Speaking the Truth in Love

Can We Fall?

In his letter to the Romans, Paul discusses the work of the Holy Spirit in the lives of God’s children. He says that “we are debtors, not to the flesh, to live according to the flesh—for if you live according to the flesh you will die, but if by the Spirit you put to death the deeds of the body you will live” (Rom. 8:12-13). According to Douglas Moo’s commentary on this passage, “the Calvinist believes that the truly regenerate believer, while often committing ‘fleshly’ acts, will be infallibly prevented from living a fleshly lifestyle by the Spirit within” (The Epistle to the Romans p. 494). This popular notion is illogical and unbiblical.

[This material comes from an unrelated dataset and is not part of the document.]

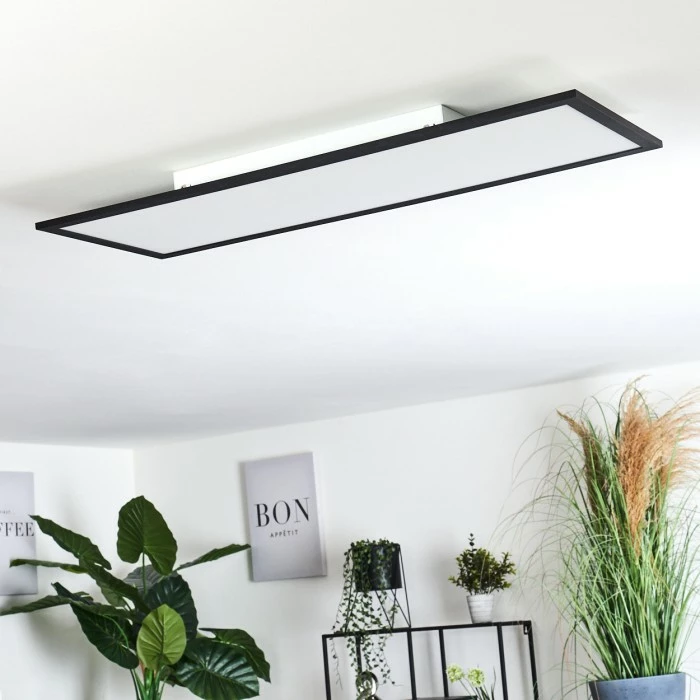 Hofstein Ringuelet Deckenpanel LED Weiß, 1-flammig, Fernbedienung 5 Hofstein Ringuelet Deckenpanel LED Weiß, 1-flammig, Fernbedienung – Bild 5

If the Spirit of Christ infallibly prevents believers from falling, how are we to explain the spiritual ruin of first century Christians? How, for instance, do Hymenaeus and Alexander manage to reject “a good conscience” and make “shipwreck of their faith” (1 Tim. 1:19-20)? And how can those who “have become partakers of the Holy Spirit” later “commit apostasy,” “crucify the Son of God on their own account and hold him up to contempt” (Heb. 6:4-6)?

Furthermore, if the Spirit within infallibly prevents Christians from returning to a fleshly lifestyle, why doesn’t he infallibly prevent them from committing fleshly acts altogether? Why does “the truly regenerate believer” think lustful thoughts or say unloving things? Surely, if the Spirit within controls the will and fails to prevent even one trespass, he is responsible for that sin.

Anyone affirming the impossibility of falling from grace must ignore or twist Paul’s plain teaching in Galatians. He addresses the letter to churches troubled by Judaizers, false teachers attempting to bind the law of Moses on the church. Paul’s unmistakable warning is this: “You are severed from Christ, you who would be justified by the law; you have fallen away from grace” (5:4).

Scan through the pages of the church directory. Do you see the names of brothers and sisters who have fallen away? Send them a note of encouragement. Let them know that they are missed. Urge them to come home.